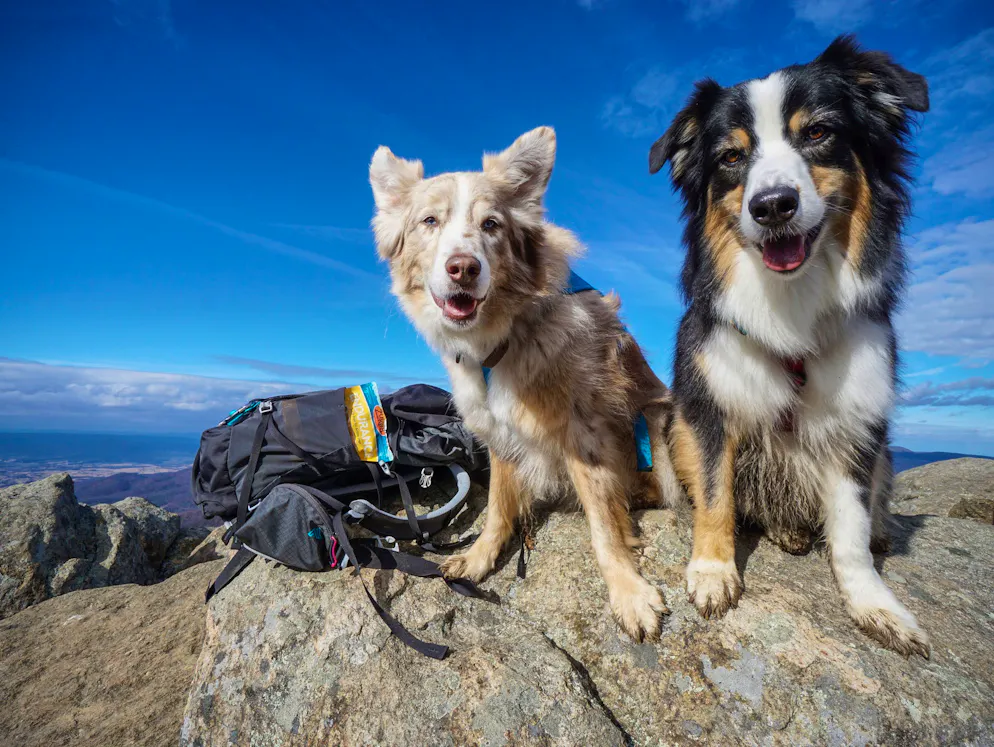 Maria traverse les Etats-Unis en paddle et avec ses chiens. La jeune femme de 36 ans a déjà voyagé à travers 16 Etats d’Amérique avec ses chiens Riley (à gauche) et Kona.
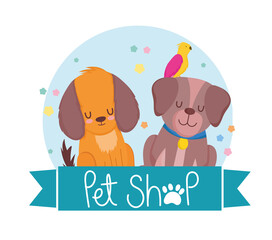 pet shop cute dogs with parrot animals cartoon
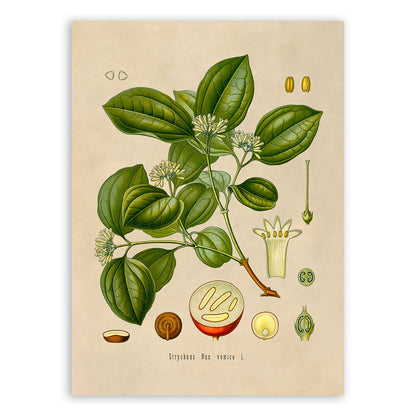 Strychnine Tree Botanical Illustration Print, MOBO77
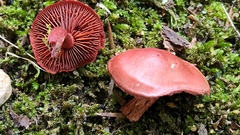 Cortinarius marylandensis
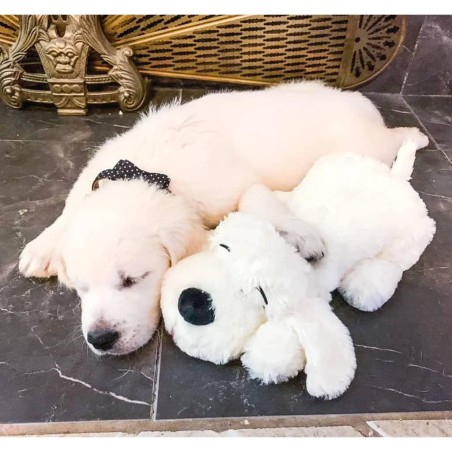 Snuggle Puppy Hundespielzeug mit Herzschlag Golden
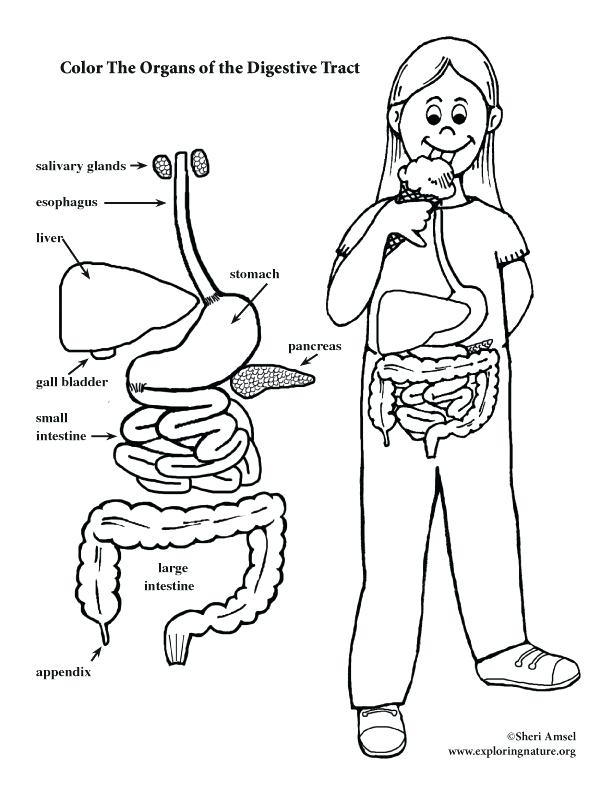 612x792 Digestive System Coloring Page Stomach Coloring Page Digestive
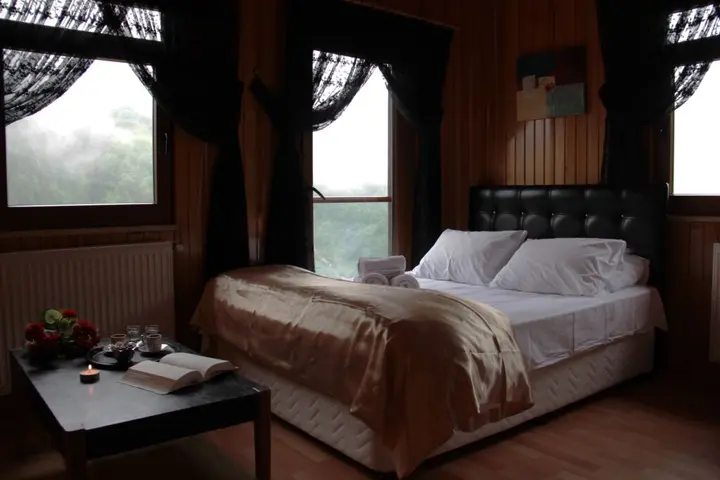 Чамлыхемшин: Ayder Villa de Pelit Hotel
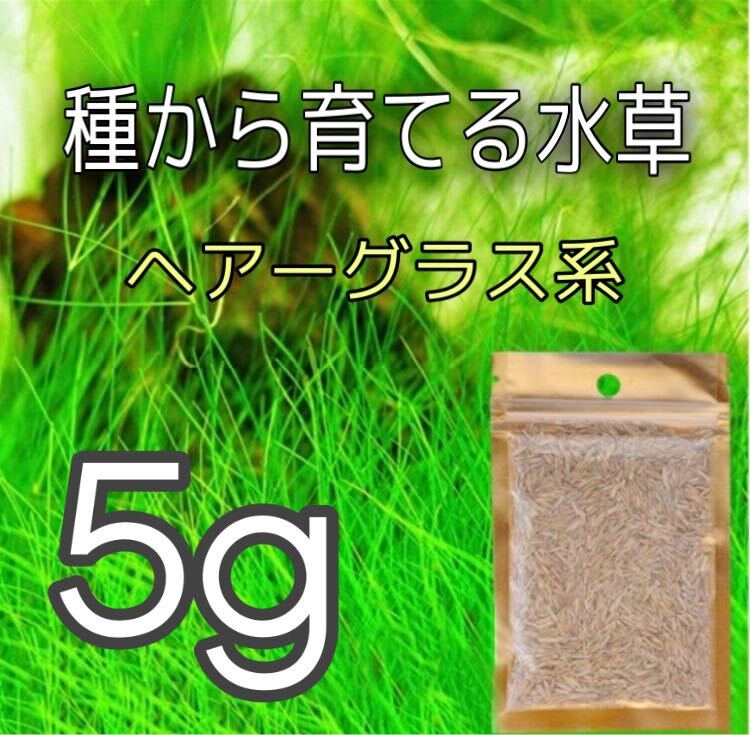 種から育てる水草 水草の種【小さい葉とヘアーグラス系】各5gセットの画像3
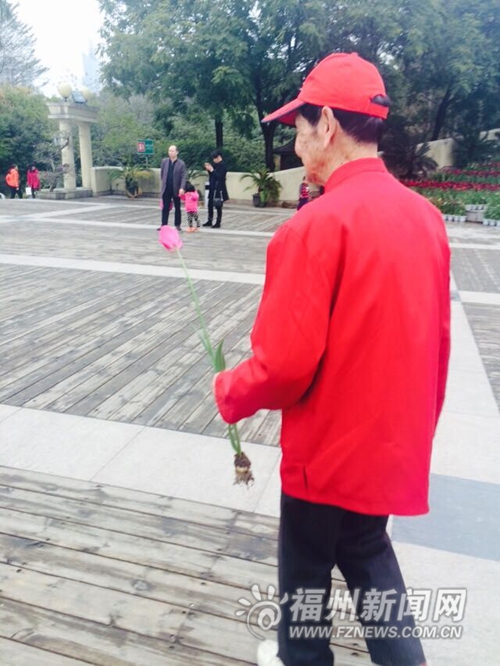 溫泉公園郁金香還在花展末期　就遭連根拔走(圖)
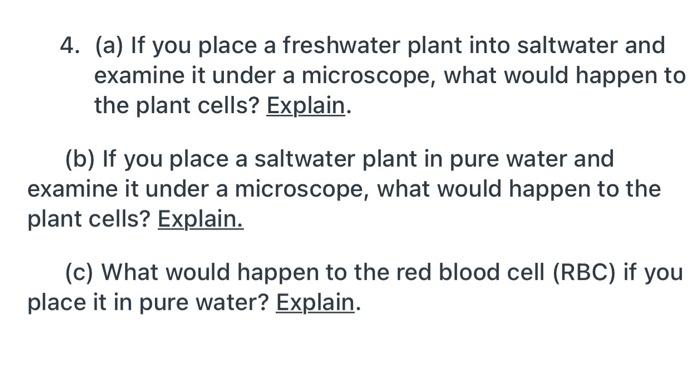 4 A If You Place A Freshwater Plant Into Saltwater And Examine It Under A Microscope What Would Happen To The Plant 1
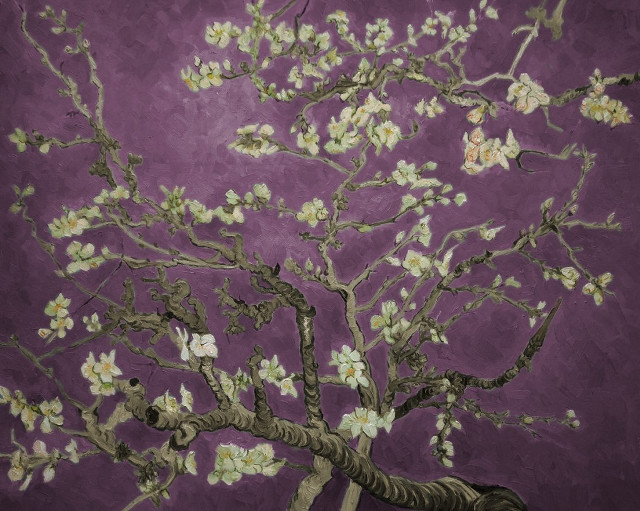 White flowers purple background plant free wallpaper - medium preview image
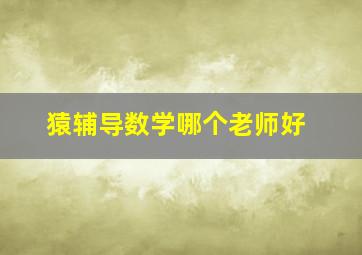 猿辅导数学哪个老师好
——
**TASK DESCRIPTION**
Leaving the images out, return every record exactly.

**THE ANSWER**
 Maria traverse les Etats-Unis en paddle et avec ses chiens. La jeune femme de 36 ans a déjà voyagé à travers 16 Etats d’Amérique avec ses chiens Riley (à gauche) et Kona.
 pet shop cute dogs with parrot animals cartoon
 Strychnine Tree Botanical Illustration Print, MOBO77
 Cortinarius marylandensis
 Snuggle Puppy Hundespielzeug mit Herzschlag Golden
 612x792 Digestive System Coloring Page Stomach Coloring Page Digestive
 Чамлыхемшин: Ayder Villa de Pelit Hotel
 種から育てる水草 水草の種【小さい葉とヘアーグラス系】各5gセットの画像3
 溫泉公園郁金香還在花展末期　就遭連根拔走(圖)
 4 A If You Place A Freshwater Plant Into Saltwater And Examine It Under A Microscope What Would Happen To The Plant 1
 White flowers purple background plant free wallpaper - medium preview image
 猿辅导数学哪个老师好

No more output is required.